With this new open borders dream within reach, a motley crew of usual suspects including something called the "The Center for Gender and Refugee Studies" [contact them] have lined up to press the issue. As if on cue, the Treason Lobby has jumped on the bandwagon for the case of one particular Guatemalan illegal alien woman, and also lobbying for an unprecedented expansion of refugee and asylum law.
According to a report in the Washington Times:
"Briefs drafted by the Harvard Law School Immigration and Refugee Clinic in the case were signed by several groups, including the Lawyers Committee for Human Rights, Amnesty International, Human Rights Watch, the National Organization for Women, the Concerned Women for America and the International Rescue Committee, along with various Catholic, Jewish and Protestant church organizations." [Groups support bid for asylum, by Jerry Seper, The Washington Times, Mar. 12, 2004]
Consider that this entire armada is arrayed against the federal government in support of one illegal alien named Rodi Alvarado Pena, who snuck into the United States through Brownsville, Texas, in 1995.
Consider also that the true believers of the open borders immigration bar have never met an illegal alien that they didn't like—or wouldn't try to ram into one of the five "protected grounds" for asylum.
So let's take a reality check here and see what Congress actually set as the standard for asylum in the United States.
Under current immigration law, an alien must meet the definition of a refugee in order to qualify for asylum.
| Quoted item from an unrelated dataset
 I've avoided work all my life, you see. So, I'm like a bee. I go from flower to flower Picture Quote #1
The alien must demonstrate "persecution or a well-founded fear of persecution on account of race, religion, nationality, membership in a particular social group, or political opinion"— a.k.a. the five "protected grounds" for asylum.
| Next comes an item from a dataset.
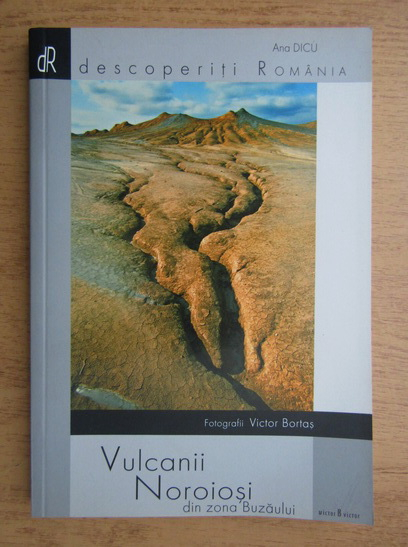 Anticariat: Ana Dicu - Vulcanii Noroiosi din zona Buzaului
But that's not the end of the story.
Over the years, with much prodding by the Treason Lobby and the federal courts, the alien-friendly asylum officer corps of the former INS—now the U.S. Citizenship and Immigration Services (USCIS) division—and the litigation bureaucracy of the Executive Office for Immigration Review (EOIR) Immigration Court system have seen to it that the asylum floodgates remain open . . . and that the standards of asylum are ever-expanding.
Back in 1995, they got the ball rolling by convincing Mimi Schooley Yam—an EOIR Immigration Judge in San Francisco—to grant asylum to Pena based on testimony of physical abuse at the hands of her husband in Guatemala.